4.17.1.5.2. Non-nucleoside Phosphoramidites

Non-nucleoside phosphoramidites are the phosphoramidite reagents designed to introduce various functionalities at the termini of synthetic oligonucleotides or between nucleotide residues in the middle of the sequence. In order to be introduced inside the sequence, a non-nucleosidic modifier has to possess at least two hydroxy groups, one of which is often protected with a DMT group while the other bears the reactive phosphoramidite moiety.
Non-nucleosidic phosphoramidites are used to introduce desired groups that are not available in natural nucleosides or that can be introduced more readily using simpler chemical designs. A very short selection of commercial phosphoramidite reagents is shown in Scheme for the demonstration of the available structural and functional diversity.

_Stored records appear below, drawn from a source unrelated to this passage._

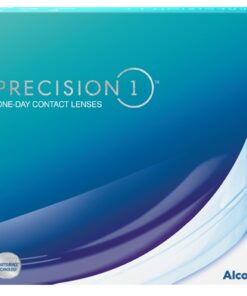 Precision1 (180 läätse)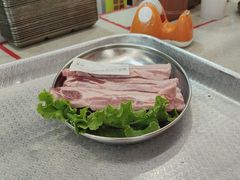 -韩一品韩国料理(柏庐南路店)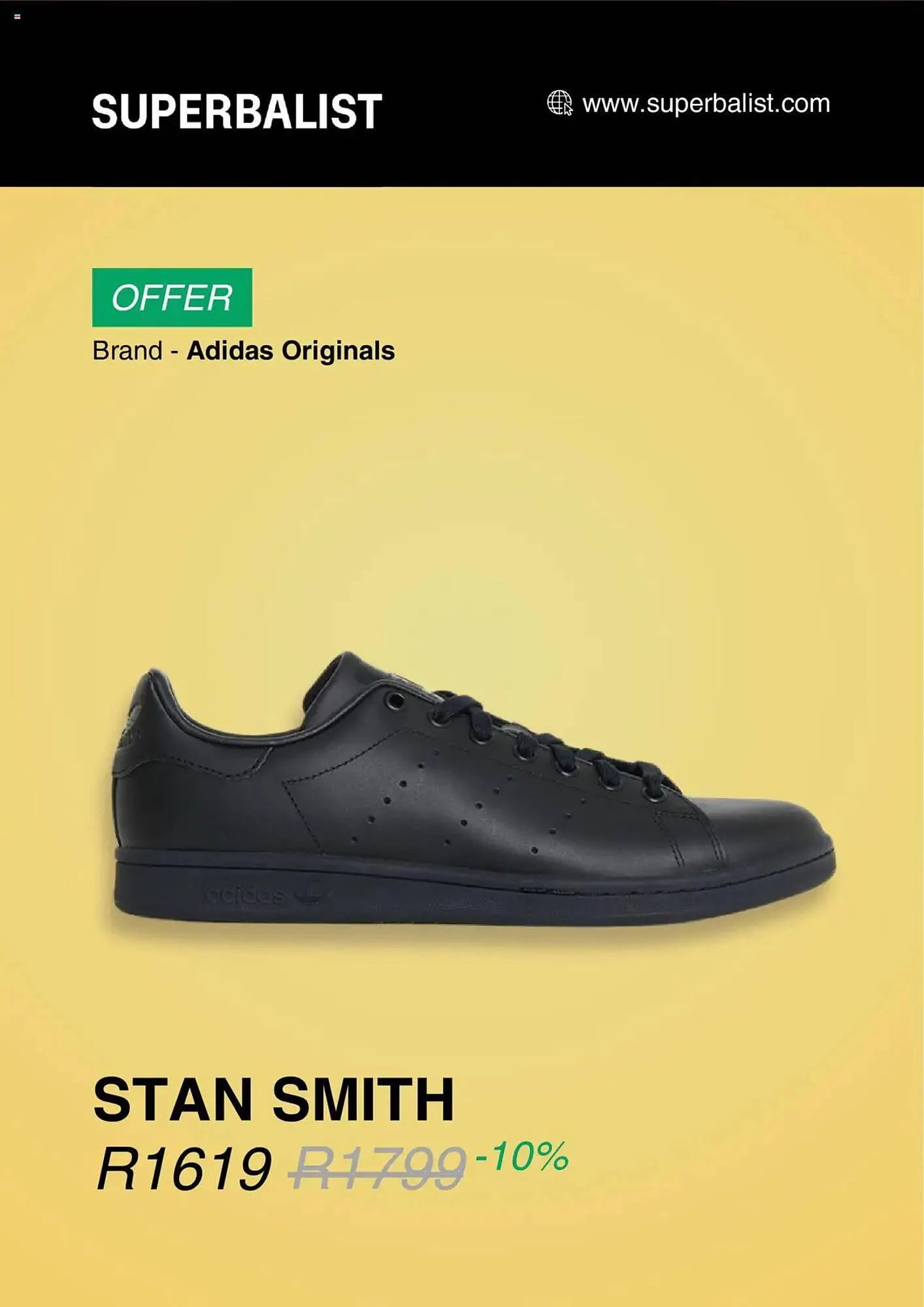 Superbalist catalogue from 26 March to 31 March 2025 - Catalogue Page 7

These reagents serve for the attachment of 5'-terminal phosphate (1), NH2 (2), SH (3), aldehydo (4), and carboxylic groups (5), CC triple bonds (6), non-radioactive labels and quenchers (exemplified by 6-FAM amidite 7 for the attachment of fluorescein and dabcyl amidite 8, respectively), hydrophilic and hydrophobic modifiers (exemplified by hexaethyleneglycol amidite 9 and cholesterol amidite 10, respectively), and biotin amidite 11.

Figure 4.22: Non-nucleoside phosphoramidites for 5'-modification of synthetic oligonucleotides.

4.17.1.5.3. The Synthetic cycle

Scheme 4.6: Synthetic cycle for preparation of oligonucleotides by phosphoramidite method.

Oligonucleotide synthesis is carried out by a stepwise addition of nucleotide residues to the 5'-terminus of the growing chain until the desired sequence is assembled. Each addition is referred to as a synthetic cycle (Scheme 4.6) and consists of four chemical reactions:

• Step 1 – De-blocking (detritylation): The DMT group is removed with a solution of an acid, such as TCA or Dichloroacetic acid (DCA), in an inert solvent (dichloromethane or toluene) and washed out, resulting in a free 5'-terminal hydroxyl group on the solid support-bound oligonucleotide precursor.
• Step 2 – Coupling: A nucleoside phosphoramidite (or a mixture of several phosphoramidites) is activated by an acidic azole catalyst, 1H-tetrazole, 2-ethylthiotetrazole, 2-benzylthiotetrazole, 4,5-dicyanoimidazole, or a number of similar compounds. This mixture is brought in contact with the starting solid support (first coupling) or a support-bound oligonucleotide precursor (following couplings) whose 5'-hydroxy group reacts with the activated phosphoramidite moiety of the incoming nucleoside phosphoramidite to form a phosphite triester linkage. This reaction is very rapid and requires, on small scale, about 20 s for its completion. The phosphoramidite coupling is also highly sensitive to the presence of water and is commonly carried out in anhydrous acetonitrile. Unbound reagents and by-products are removed by washing.
• Step 3 – Capping: After the completion of the coupling reaction, a small percentage of the solid support-bound 5'-OH groups (0.1 to 1%) remains unreacted and needs to be permanently blocked from further chain elongation to prevent the formation of oligonucleotides with an internal base deletion commonly referred to as (n-1) short oligomers. This is done by acetylation of the unreacted 5'-hydroxy groups using a mixture of acetic anhydride and 1-methylimidazole or, less often, DMAP as catalysts. Excess reagents are removed by washing.
• Step 4 – Oxidation: The newly formed tricoordinated phosphite triester linkage is not natural and is of limited stability under the conditions of oligonucleotide synthesis. The treatment of the support-bound material with iodine and water in the presence of a weak base (pyridine, lutidine, or collidine) oxidizes the phosphite triester into a tetracoordinated phosphate triester, a protected precursor of the naturally occurring phosphate diester internucleosidic linkage. This step can be substituted with a sulfurization step to obtain oligonucleotide phosphorothioates. In the latter case, the sulfurization step is carried out prior to capping.